WHAT YOU SHOULD DO »
Reproduce the records below word for word.

DATA FOR THIS EXERCISE »
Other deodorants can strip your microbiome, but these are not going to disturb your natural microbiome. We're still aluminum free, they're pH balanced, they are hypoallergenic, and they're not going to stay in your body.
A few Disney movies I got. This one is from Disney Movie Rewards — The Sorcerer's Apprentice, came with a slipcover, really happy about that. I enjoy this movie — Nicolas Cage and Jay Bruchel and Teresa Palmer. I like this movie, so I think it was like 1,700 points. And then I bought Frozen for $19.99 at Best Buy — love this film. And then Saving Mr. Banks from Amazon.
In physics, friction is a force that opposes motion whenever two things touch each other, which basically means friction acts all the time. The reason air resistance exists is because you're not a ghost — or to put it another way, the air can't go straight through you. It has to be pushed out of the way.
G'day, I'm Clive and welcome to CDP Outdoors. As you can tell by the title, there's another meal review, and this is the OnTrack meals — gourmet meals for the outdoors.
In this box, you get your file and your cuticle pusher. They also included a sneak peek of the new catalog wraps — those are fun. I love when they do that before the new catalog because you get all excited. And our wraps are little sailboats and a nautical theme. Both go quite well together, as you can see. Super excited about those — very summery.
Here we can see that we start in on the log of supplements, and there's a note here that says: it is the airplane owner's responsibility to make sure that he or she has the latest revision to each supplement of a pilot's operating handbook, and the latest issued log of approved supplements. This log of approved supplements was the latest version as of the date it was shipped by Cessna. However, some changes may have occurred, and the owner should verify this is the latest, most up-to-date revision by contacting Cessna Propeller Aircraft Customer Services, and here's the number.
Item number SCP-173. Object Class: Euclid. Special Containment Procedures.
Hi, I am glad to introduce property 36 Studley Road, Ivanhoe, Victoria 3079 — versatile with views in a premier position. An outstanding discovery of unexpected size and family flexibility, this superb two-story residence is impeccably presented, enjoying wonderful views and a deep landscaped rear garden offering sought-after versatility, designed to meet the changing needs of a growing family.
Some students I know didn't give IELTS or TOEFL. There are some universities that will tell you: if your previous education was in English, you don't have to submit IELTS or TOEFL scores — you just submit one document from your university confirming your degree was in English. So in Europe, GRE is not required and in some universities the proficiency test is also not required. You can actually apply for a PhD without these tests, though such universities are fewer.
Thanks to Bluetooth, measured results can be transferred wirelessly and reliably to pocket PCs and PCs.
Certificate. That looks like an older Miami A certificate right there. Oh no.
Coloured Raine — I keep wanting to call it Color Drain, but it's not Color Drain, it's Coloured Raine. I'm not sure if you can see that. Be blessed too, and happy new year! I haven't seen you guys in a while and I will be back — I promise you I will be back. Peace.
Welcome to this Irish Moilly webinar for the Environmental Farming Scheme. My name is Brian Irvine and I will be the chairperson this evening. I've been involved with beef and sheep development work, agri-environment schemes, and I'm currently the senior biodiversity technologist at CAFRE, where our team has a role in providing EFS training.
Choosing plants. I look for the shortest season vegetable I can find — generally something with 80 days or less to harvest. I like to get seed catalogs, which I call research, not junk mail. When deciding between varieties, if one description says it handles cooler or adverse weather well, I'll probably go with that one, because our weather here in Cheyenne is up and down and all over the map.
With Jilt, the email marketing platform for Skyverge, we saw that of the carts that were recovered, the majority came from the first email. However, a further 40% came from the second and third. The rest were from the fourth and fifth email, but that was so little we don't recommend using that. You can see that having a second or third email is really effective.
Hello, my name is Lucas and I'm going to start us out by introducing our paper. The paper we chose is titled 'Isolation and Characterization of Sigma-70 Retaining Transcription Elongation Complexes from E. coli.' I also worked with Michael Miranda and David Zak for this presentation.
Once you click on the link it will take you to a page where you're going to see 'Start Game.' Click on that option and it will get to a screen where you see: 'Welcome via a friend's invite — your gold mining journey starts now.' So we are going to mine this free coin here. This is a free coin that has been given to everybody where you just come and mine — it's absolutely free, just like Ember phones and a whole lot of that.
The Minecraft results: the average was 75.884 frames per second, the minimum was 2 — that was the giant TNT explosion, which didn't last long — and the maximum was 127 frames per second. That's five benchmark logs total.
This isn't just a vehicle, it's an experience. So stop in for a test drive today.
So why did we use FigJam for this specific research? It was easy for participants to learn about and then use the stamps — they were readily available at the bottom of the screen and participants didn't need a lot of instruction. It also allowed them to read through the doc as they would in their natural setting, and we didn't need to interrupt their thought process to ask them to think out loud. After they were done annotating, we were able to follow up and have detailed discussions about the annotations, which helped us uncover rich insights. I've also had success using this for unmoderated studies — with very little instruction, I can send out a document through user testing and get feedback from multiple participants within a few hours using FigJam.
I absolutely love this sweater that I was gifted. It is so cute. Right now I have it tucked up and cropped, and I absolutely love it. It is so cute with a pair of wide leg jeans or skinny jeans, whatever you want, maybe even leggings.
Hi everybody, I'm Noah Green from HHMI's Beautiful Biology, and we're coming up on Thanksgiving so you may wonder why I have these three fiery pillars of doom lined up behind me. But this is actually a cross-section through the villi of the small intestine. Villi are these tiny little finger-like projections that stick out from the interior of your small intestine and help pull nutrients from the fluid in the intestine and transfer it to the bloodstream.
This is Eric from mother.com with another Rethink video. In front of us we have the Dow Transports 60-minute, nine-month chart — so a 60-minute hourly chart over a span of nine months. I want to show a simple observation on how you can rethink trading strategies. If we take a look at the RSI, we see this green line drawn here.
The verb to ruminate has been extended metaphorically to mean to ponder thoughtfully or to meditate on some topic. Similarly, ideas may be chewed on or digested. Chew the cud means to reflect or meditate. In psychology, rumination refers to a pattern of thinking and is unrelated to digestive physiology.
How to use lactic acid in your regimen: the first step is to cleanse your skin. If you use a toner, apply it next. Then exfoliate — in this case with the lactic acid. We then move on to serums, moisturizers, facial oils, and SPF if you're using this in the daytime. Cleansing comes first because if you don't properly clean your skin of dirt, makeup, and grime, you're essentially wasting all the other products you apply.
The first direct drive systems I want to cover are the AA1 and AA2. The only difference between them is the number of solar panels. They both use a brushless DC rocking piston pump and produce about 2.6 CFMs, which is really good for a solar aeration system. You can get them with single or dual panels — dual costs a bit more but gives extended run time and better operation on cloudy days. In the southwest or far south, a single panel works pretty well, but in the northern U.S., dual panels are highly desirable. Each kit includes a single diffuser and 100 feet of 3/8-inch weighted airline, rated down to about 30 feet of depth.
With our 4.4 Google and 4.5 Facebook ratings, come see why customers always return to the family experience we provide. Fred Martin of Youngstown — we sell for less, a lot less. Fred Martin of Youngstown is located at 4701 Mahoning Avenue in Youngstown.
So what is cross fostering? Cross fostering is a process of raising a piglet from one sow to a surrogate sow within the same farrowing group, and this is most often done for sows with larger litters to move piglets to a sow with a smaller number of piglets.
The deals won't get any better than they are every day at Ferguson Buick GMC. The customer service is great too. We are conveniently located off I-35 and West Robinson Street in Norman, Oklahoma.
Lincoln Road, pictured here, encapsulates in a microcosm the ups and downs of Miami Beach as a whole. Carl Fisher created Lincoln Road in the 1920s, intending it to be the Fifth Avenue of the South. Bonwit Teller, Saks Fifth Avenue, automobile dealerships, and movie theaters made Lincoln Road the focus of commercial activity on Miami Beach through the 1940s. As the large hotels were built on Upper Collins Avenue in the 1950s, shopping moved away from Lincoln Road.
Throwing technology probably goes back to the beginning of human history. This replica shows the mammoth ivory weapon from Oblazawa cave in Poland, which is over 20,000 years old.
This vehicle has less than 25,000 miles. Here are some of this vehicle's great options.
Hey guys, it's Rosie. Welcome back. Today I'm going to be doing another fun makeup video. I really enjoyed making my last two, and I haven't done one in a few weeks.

PROBLEM SOLUTION »
Other deodorants can strip your microbiome, but these are not going to disturb your natural microbiome. We're still aluminum free, they're pH balanced, they are hypoallergenic, and they're not going to stay in your body.
A few Disney movies I got. This one is from Disney Movie Rewards — The Sorcerer's Apprentice, came with a slipcover, really happy about that. I enjoy this movie — Nicolas Cage and Jay Bruchel and Teresa Palmer. I like this movie, so I think it was like 1,700 points. And then I bought Frozen for $19.99 at Best Buy — love this film. And then Saving Mr. Banks from Amazon.
In physics, friction is a force that opposes motion whenever two things touch each other, which basically means friction acts all the time. The reason air resistance exists is because you're not a ghost — or to put it another way, the air can't go straight through you. It has to be pushed out of the way.
G'day, I'm Clive and welcome to CDP Outdoors. As you can tell by the title, there's another meal review, and this is the OnTrack meals — gourmet meals for the outdoors.
In this box, you get your file and your cuticle pusher. They also included a sneak peek of the new catalog wraps — those are fun. I love when they do that before the new catalog because you get all excited. And our wraps are little sailboats and a nautical theme. Both go quite well together, as you can see. Super excited about those — very summery.
Here we can see that we start in on the log of supplements, and there's a note here that says: it is the airplane owner's responsibility to make sure that he or she has the latest revision to each supplement of a pilot's operating handbook, and the latest issued log of approved supplements. This log of approved supplements was the latest version as of the date it was shipped by Cessna. However, some changes may have occurred, and the owner should verify this is the latest, most up-to-date revision by contacting Cessna Propeller Aircraft Customer Services, and here's the number.
Item number SCP-173. Object Class: Euclid. Special Containment Procedures.
Hi, I am glad to introduce property 36 Studley Road, Ivanhoe, Victoria 3079 — versatile with views in a premier position. An outstanding discovery of unexpected size and family flexibility, this superb two-story residence is impeccably presented, enjoying wonderful views and a deep landscaped rear garden offering sought-after versatility, designed to meet the changing needs of a growing family.
Some students I know didn't give IELTS or TOEFL. There are some universities that will tell you: if your previous education was in English, you don't have to submit IELTS or TOEFL scores — you just submit one document from your university confirming your degree was in English. So in Europe, GRE is not required and in some universities the proficiency test is also not required. You can actually apply for a PhD without these tests, though such universities are fewer.
Thanks to Bluetooth, measured results can be transferred wirelessly and reliably to pocket PCs and PCs.
Certificate. That looks like an older Miami A certificate right there. Oh no.
Coloured Raine — I keep wanting to call it Color Drain, but it's not Color Drain, it's Coloured Raine. I'm not sure if you can see that. Be blessed too, and happy new year! I haven't seen you guys in a while and I will be back — I promise you I will be back. Peace.
Welcome to this Irish Moilly webinar for the Environmental Farming Scheme. My name is Brian Irvine and I will be the chairperson this evening. I've been involved with beef and sheep development work, agri-environment schemes, and I'm currently the senior biodiversity technologist at CAFRE, where our team has a role in providing EFS training.
Choosing plants. I look for the shortest season vegetable I can find — generally something with 80 days or less to harvest. I like to get seed catalogs, which I call research, not junk mail. When deciding between varieties, if one description says it handles cooler or adverse weather well, I'll probably go with that one, because our weather here in Cheyenne is up and down and all over the map.
With Jilt, the email marketing platform for Skyverge, we saw that of the carts that were recovered, the majority came from the first email. However, a further 40% came from the second and third. The rest were from the fourth and fifth email, but that was so little we don't recommend using that. You can see that having a second or third email is really effective.
Hello, my name is Lucas and I'm going to start us out by introducing our paper. The paper we chose is titled 'Isolation and Characterization of Sigma-70 Retaining Transcription Elongation Complexes from E. coli.' I also worked with Michael Miranda and David Zak for this presentation.
Once you click on the link it will take you to a page where you're going to see 'Start Game.' Click on that option and it will get to a screen where you see: 'Welcome via a friend's invite — your gold mining journey starts now.' So we are going to mine this free coin here. This is a free coin that has been given to everybody where you just come and mine — it's absolutely free, just like Ember phones and a whole lot of that.
The Minecraft results: the average was 75.884 frames per second, the minimum was 2 — that was the giant TNT explosion, which didn't last long — and the maximum was 127 frames per second. That's five benchmark logs total.
This isn't just a vehicle, it's an experience. So stop in for a test drive today.
So why did we use FigJam for this specific research? It was easy for participants to learn about and then use the stamps — they were readily available at the bottom of the screen and participants didn't need a lot of instruction. It also allowed them to read through the doc as they would in their natural setting, and we didn't need to interrupt their thought process to ask them to think out loud. After they were done annotating, we were able to follow up and have detailed discussions about the annotations, which helped us uncover rich insights. I've also had success using this for unmoderated studies — with very little instruction, I can send out a document through user testing and get feedback from multiple participants within a few hours using FigJam.
I absolutely love this sweater that I was gifted. It is so cute. Right now I have it tucked up and cropped, and I absolutely love it. It is so cute with a pair of wide leg jeans or skinny jeans, whatever you want, maybe even leggings.
Hi everybody, I'm Noah Green from HHMI's Beautiful Biology, and we're coming up on Thanksgiving so you may wonder why I have these three fiery pillars of doom lined up behind me. But this is actually a cross-section through the villi of the small intestine. Villi are these tiny little finger-like projections that stick out from the interior of your small intestine and help pull nutrients from the fluid in the intestine and transfer it to the bloodstream.
This is Eric from mother.com with another Rethink video. In front of us we have the Dow Transports 60-minute, nine-month chart — so a 60-minute hourly chart over a span of nine months. I want to show a simple observation on how you can rethink trading strategies. If we take a look at the RSI, we see this green line drawn here.
The verb to ruminate has been extended metaphorically to mean to ponder thoughtfully or to meditate on some topic. Similarly, ideas may be chewed on or digested. Chew the cud means to reflect or meditate. In psychology, rumination refers to a pattern of thinking and is unrelated to digestive physiology.
How to use lactic acid in your regimen: the first step is to cleanse your skin. If you use a toner, apply it next. Then exfoliate — in this case with the lactic acid. We then move on to serums, moisturizers, facial oils, and SPF if you're using this in the daytime. Cleansing comes first because if you don't properly clean your skin of dirt, makeup, and grime, you're essentially wasting all the other products you apply.
The first direct drive systems I want to cover are the AA1 and AA2. The only difference between them is the number of solar panels. They both use a brushless DC rocking piston pump and produce about 2.6 CFMs, which is really good for a solar aeration system. You can get them with single or dual panels — dual costs a bit more but gives extended run time and better operation on cloudy days. In the southwest or far south, a single panel works pretty well, but in the northern U.S., dual panels are highly desirable. Each kit includes a single diffuser and 100 feet of 3/8-inch weighted airline, rated down to about 30 feet of depth.
With our 4.4 Google and 4.5 Facebook ratings, come see why customers always return to the family experience we provide. Fred Martin of Youngstown — we sell for less, a lot less. Fred Martin of Youngstown is located at 4701 Mahoning Avenue in Youngstown.
So what is cross fostering? Cross fostering is a process of raising a piglet from one sow to a surrogate sow within the same farrowing group, and this is most often done for sows with larger litters to move piglets to a sow with a smaller number of piglets.
The deals won't get any better than they are every day at Ferguson Buick GMC. The customer service is great too. We are conveniently located off I-35 and West Robinson Street in Norman, Oklahoma.
Lincoln Road, pictured here, encapsulates in a microcosm the ups and downs of Miami Beach as a whole. Carl Fisher created Lincoln Road in the 1920s, intending it to be the Fifth Avenue of the South. Bonwit Teller, Saks Fifth Avenue, automobile dealerships, and movie theaters made Lincoln Road the focus of commercial activity on Miami Beach through the 1940s. As the large hotels were built on Upper Collins Avenue in the 1950s, shopping moved away from Lincoln Road.
Throwing technology probably goes back to the beginning of human history. This replica shows the mammoth ivory weapon from Oblazawa cave in Poland, which is over 20,000 years old.
This vehicle has less than 25,000 miles. Here are some of this vehicle's great options.
Hey guys, it's Rosie. Welcome back. Today I'm going to be doing another fun makeup video. I really enjoyed making my last two, and I haven't done one in a few weeks.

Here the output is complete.